COMPOSITION DE LA COUR LORS DES DEBATS ET DU DELIBERE :
Madame Véronique MAUSSIRE, conseiller faisant fonction de président de chambre
Madame Catherine LEFORT, conseiller
Monsieur Cédric LECLER, conseiller
GREFFIER :
Monsieur MUFFAT-GENDET, greffier, lors des débats et lors du prononcé,
DEBATS :
A l’audience publique du 18 juin 2019, où l’affaire a été mise en délibéré au 17 septembre 2019,
ARRET :
Contradictoire, prononcé par mise à disposition au greffe le 17 septembre 2019 et signé par Madame MAUSSIRE, conseiller faisant fonction de président de chambre, et Monsieur MUFFAT-GENDET, greffier, auquel la minute a été remise par le magistrat signataire.
* * * *
EXPOSE DU LITIGE
Le Sarlu Accessline a signé le 16 avril 2012 un contrat d’affacturage avec la Sasu Factofrance. Le même jour, M. Y X, gérant et associé de la société Accessline, s’est porté caution solidaire et indivisible au profit de la société Factofrance pour une durée de trois ans dans la limite de 30.000 euros.
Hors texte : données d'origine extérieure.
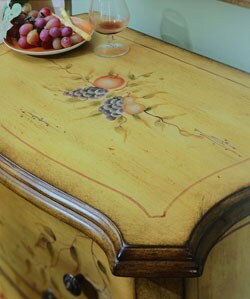 Hand Painted Golden Wheat Accent Chest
Par jugement du 1er juillet 2014, le tribunal de commerce de Reims a ouvert une procédure de redressement judiciaire à l’encontre de la société Accessline. Le 15 juillet 2014, la société Factofrance a déclaré une créance de 319.435,73 euros, ramenée à 104.759,36 euros le 1er août 2014 après clôture des comptes d’affacturage, auprès de Me Crozat, mandataire judiciaire. La créance a été admise par ordonnance du juge commissaire en date du 15 avril 2015 pour la somme de 104.759,36 euros. Par jugement en date du 19 janvier 2016, le tribunal de commerce a prononcé la résolution du plan qui avait été adopté et a ouvert une procédure en liquidation judiciaire pour la société Accessline.
La société Factofrance a mis en demeure en vain M. X de lui payer la somme de 30.000 euros correspondant à la limite de son engagement.
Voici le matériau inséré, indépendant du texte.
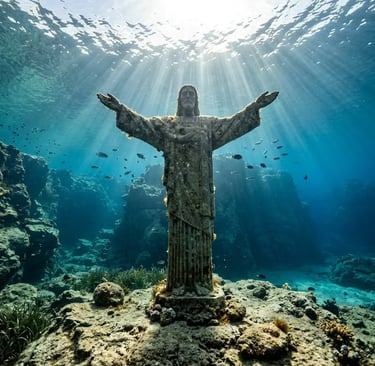 8-meter Jesus statue underwater in Jelinak Cove Via Crucis museum Croatia with sunlight rays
Par acte d’huissier du 20 juin 2017, la société Factofrance a fait assigner M. Y X devant le tribunal de commerce de Reims en paiement de la somme principale de 30.000 euros au titre de son engagement de caution.
M. X a demandé au tribunal de le décharger de son engagement de caution en raison de la disproportion entre son engagement et ses facultés de remboursement en application de l’article L.341-4 du code de la consommation, et de débouter la société Factofrance de ses demandes.
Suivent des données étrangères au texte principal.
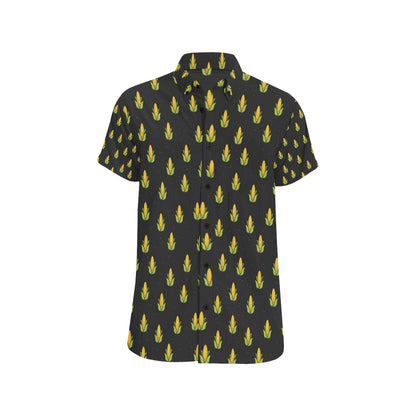 Corn Pattern Print Design 04 Men's Short Sleeve Button Up Shirt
Par jugement en date du 2 octobre 2018, le tribunal de commerce de Reims a':
— débouté M. X de toutes ses demandes,
— condamné M. X à régler à la société Factofrance la somme de 30.000 euros, avec intérêts conventionnels (soit la moyenne établie le mois précédent de l’Euribor trois mois majoré de 3,20'% (320 points de base) selon l’article 20.2.1 des conditions particulières du contrat d’affacturage, soit 0,86'% en avril 2012) à compter du 3 novembre 2016, date de la première mise en demeure,
— condamné M. X au paiement de la somme de 1.000 euros au titre de l’article 700 du code de procédure civile, outre les entiers dépens,
— rejeté toutes autres demandes, fins et conclusions des parties,
— dit n’y avoir lieu à exécution provisoire.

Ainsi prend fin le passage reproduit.